Book Review: "Designing Data-Intensive Applications: The Big Ideas Behind Reliable, Scalable, and Maintainable Systems", by Martin Kleppmann

I've worked at fairly small companies during my entire career so far, and I don't have too much visibility into how larger companies operate. So upon the recommendation of my friend Jordan, I decided to purchase a copy of "Designing Data-Intensive Applications" as a tasting menu of the sorts to the design decisions, tradeoffs, and implementations for larger-scale software systems.

This was a tough read, and it's because Martin packed this book chock full of new insights and ideas. I spent every day reading for at least an hour and a half, and it took me two full months. Not every chapter was a new idea -- but if it wasn't a new idea, it was beating a new idea again to hammer home its importance.

Here's three takeaways I got from the book:

There's few things more difficult than managing persistent state: Whether it's database replication and guaranteeing replication correctness, an offline-capable client application, or a materialized view / persistent caching layer, state designed to persist over a long time is difficult to get right because one data corruption instance may cause a deviation in behavior over time. Designing for correctness of applications often comes at a cost to performance (e.g. through two-phase commit) and perhaps other business-critical metrics. Finally, low-level persistent state often promotes service coupling (e.g. by diving into understanding the behavior of the underlying hardware/firmware). State is important for a number of reasons (e.g. a database, because it's the source of truth for the rest of the application stack, a caching layer because a lack of performance will cause latency amplification throughout the rest of the stack, an offline-capable application, because business requirements may demand it).

It seems to me that there are three points where developers relate to state along the Dunning-Kruger curve: the first where stateful code is written because one doesn't know any better, the second where stateless code is desired to avoid pitfalls of stateful code, and the third where state is unavoidable and solutions are carefully designed and thought through.
Sometimes, there is no definitive truth: I really enjoyed the section on synchronization services/consensus algorithms discussing Zookeeper/Paxos and etcd/Raft. The lesson I got from this section was how some truths in a system (e.g. does a new leader in a single-leader replication system need to be elected?) could just be what the majority decides (e.g. if the leader is alive but unreachable through network by the other nodes, it's assumed to be dead). This can result in problems in practice; for example, if there are intermittent network connection problems, Raft may continually elect new leaders to the detriment of getting any actual work done. This is because to the distributed system, the truth keeps shifting as there due to hardware restrictions, there cannot be a fixed truth baked into the software.

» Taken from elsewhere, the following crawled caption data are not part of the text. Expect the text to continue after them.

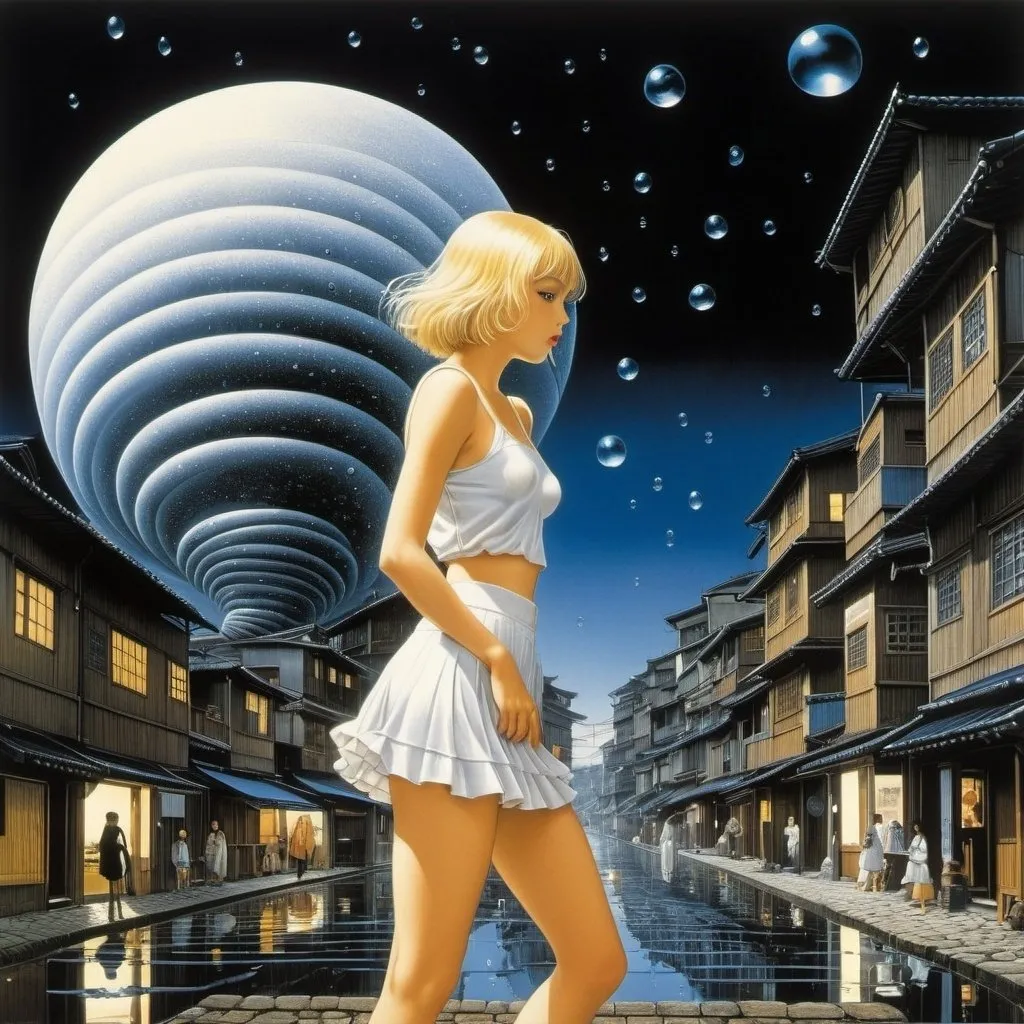 Prompt: Paul Delvaux, Katsuhiro Otomo, Louis le Brocquy, Arthur Boyd, Chiho Aoshima, Surrealism, wonder, strange, fantastical, fantasy, Sci-fi, Japanese anime, water droplets on a spiral shell, Babel at night, blonde miniskirt beautiful girl Alice, perfect voluminous body, detailed masterpiece dynamic action angles 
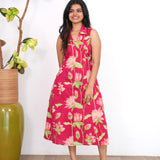 Red lillies cotton shirt dress(attached sleeves)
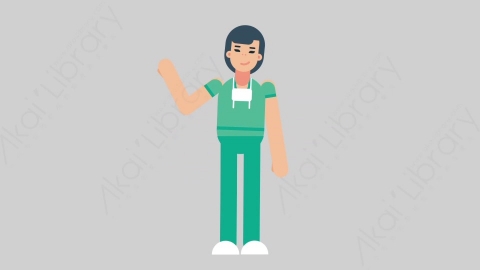 AE模板-WOMAN NURSE 40 Pointing 3医疗科技女性医生护士指向指点扁平人物职业角色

Other systems, like supercomputers, take a much simpler approach; colocate the hardware and ensure networking is robust (e.g. Infiniband vs. Ethernet), then run jobs as a fully reproducible batch process and crash upon errors. This is preferable from a software perspective, but it eats into margins and may not be commercially practical.
Good software is defined in terms of properties: Martin hammers home the points of reliable, maintainable, and scalable. These are then broken down into sub-properties, like idempotency (e.g. can this operation be retried without incurring additional side effects), linearizability (e.g. is there a total ordering that can be established between concurrent events), commutativity (e.g. can we merge state together at the interface level out-of-order and get the desired result), and others.

I'm guessing at this point, a lot of the other, lower-level issues with code, like code quality or robustness, have been smoothed out with CI/CD pipelines, testing, linting, and other general best practices. These kinds of things need to be enforced or warned at compile-time, or caught during code review.

At the end of the book, Martin proposes an extension of the UNIX philosophy from a single-machine paradigm to the multi-machine paradigm, with streaming, pub/sub, and dataflow programming. I found this to be interesting and worth paying attention to, because thinking and execting at this level is a serious differentiator for large companies where technical leadership may be removed from the front lines; the Googles that custom-build end-to-end systems with these principles in mind, and the companies that cobble together Apache projects and realize it works well for a prototype but seriously lacks in the last 20% that counts (e.g. security).

Although I don't know if I would wish to dig so deep into these weeds if I can help, I would highly recommend this book for any software engineer, since it gives a very good bird's eye view of the engineering problems across an organization.